Kenapa Alergi Dengan Pemilihan?

Saya yakin dan percaya seandainya masyarakat Yokya menerima rekomendasi Pemerinta Pusat agar Gubernur DIY dipilih, pasti majoritas rakyat Yokya dijamin 100 % akan memilih Sultan karena Sultan sangat dihormati dan dicintai rakyat Yokya.

Kenapa masih alergi dengar kata Monarki?, betul sekarang ini tidak ada lagi sistem Monarki di Republik ini secara Deyure tapi mungkin secara Defacto masih ada praktek Monarki di Republik ini terutama jika kita tidak mau mengindahki aturan bernegara yang diatur dalam konstitusi negara kita dan hanya mempertimbingkan aspek sejarah atau sama sekali mengabaikan makna Demokrasi dan konstitusi.

Perdebatan masalah UUK DIY atau RUUK DIY harus dilakukan secara objektif, independent, impartial dan harus mempertimbangkan Aspek Demokrasi, Konstitusi dan Historis.

Juga ada pertanyaan penting: kenapa masyarakat masih alergi dengan mekanisme pemilihan Gubernur DIY?, bagi orang yang paham dengan ajaran Demokrasi pasti heran kenapa di negara Republik Indonesia yang menganut Demokrasi masih ada daerah yang menghendaki jabatan politik atau jabatan publik harus ditetapkan (appointed) dan bahkan bisa dijabat tanpa dibatasi periode jabatan serta secara ekslusif hanya dibatasi khusus untuk kalangan keluarga Sultan.

Seandainya ideologi politik Indonesia dan sistem pemerintahan di Republik ini tidak menganut paham Demokarisi dan bentuk pemerintahan di negeri ini sama seperti Korea Utara atau di negara lain yang bukan negara Demokrasi atau hanya sama dengan negara Monarki absolut, maka mekanisme penetapan jabatan politik itu tidak boleh dipermasalahkan.

Namun ingat negara kita adalah negara Demokrasi dan bentuk Republik bukan Monarki. Negara ini harus diatur oleh konstitusi dan juga harus menghormati aspek historis. Jangan karena pertimbangan sejarah negara dan penyelenggara negara harus melanggar konstitusi Demokrasi.

Alangkah bijaknya orang terdidik di Yokya dan para elit jika mau memberikan pencerahan kepada masyarakat tentang makna konstitusi dan demokrasi secara lugas dan sederhana ketimbang hanya terus meninabobokkan mereka dengan aspek historis dan romantisme masa lalu masa kolonial dan pasca kolonial.

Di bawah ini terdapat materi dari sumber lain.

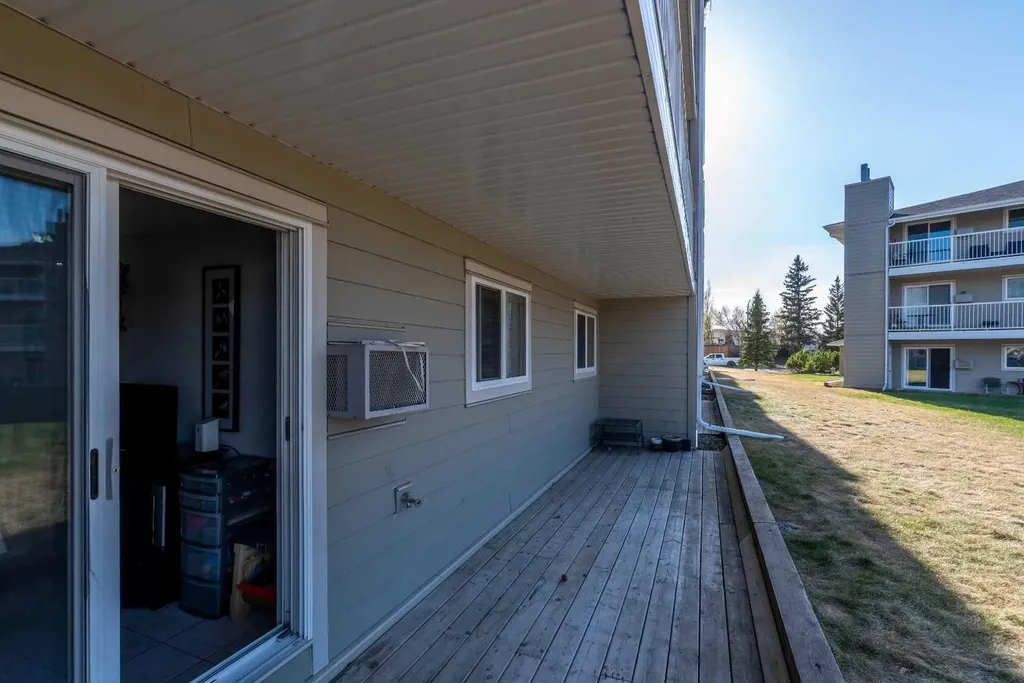 3007 57a Avenue Lloydminster AB T9V 1W5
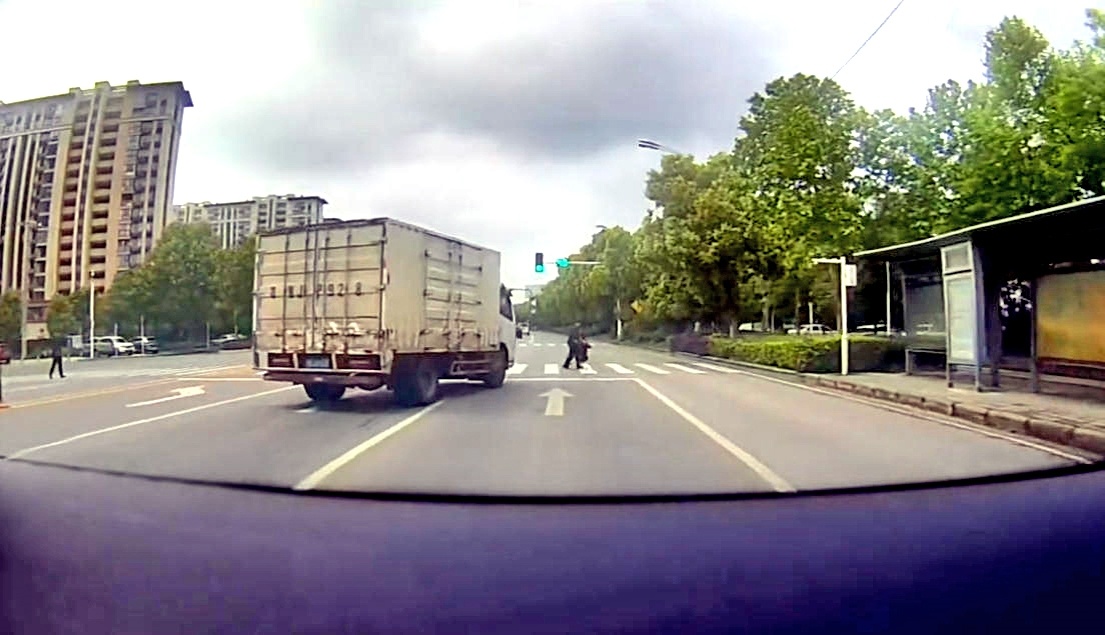 鄂WJP928压实线右转，央视点名表扬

Bentuk penetapan adalah anomaly Demokrasi prosedural dan tentu menjadikan pembangunan Demokrasi di tanah air menjadi setback (mundur). Ingat banyak kesultanan atau kerajaan dan keluarga bangsawan darah biru di Republik tercinta ini rela dan tulus bergabung dengan RI dan semua generasi darah biru itu menerima Demokrasi Prosedural tanpa syarat bahkan banyak dari mereka yang ikut Pemilukada.

Banyak yang memahami bahwa keistimewaan suatu daerah di nusantara adalah keistimewaan Kultural dan historis tapi bukanlah keistimewaan untuk jabatan politik atau jabatan publik.

Jabatan kesultanan adalah jabatan kultural-historis dan bisa diwarisi secara turun temurun berdasarkan garis keturunan (heriditas) tapi jabatan politik dalam alam demokrasi sama sekali tidak boleh diwarisi secara turun temurun kecuali jika negara kita menganut Monarki Absolut atau atau negara kita menganut sistem sosialis totalitarian seperti tradisi yang berlaku di Korea Utara.

Namun, masalah RUUK DIY harus bisa dicarikan solusi terbaik tanpa saling menuding dan saling menyalahkan. Terus terang saya juga termasuk orang Indonesia dari suku non-jawa (Sulawesi) yang penuh perhatian dan prihatin dengan isu ini. Saya adalah akademisi yang non partisan dan tidak punya kepentingan politik dengan DIY tapi sebagai warga RI saya inginkan Demokrasi berjalan sebagaimana mestinya dan tanpa harus terjadi setback.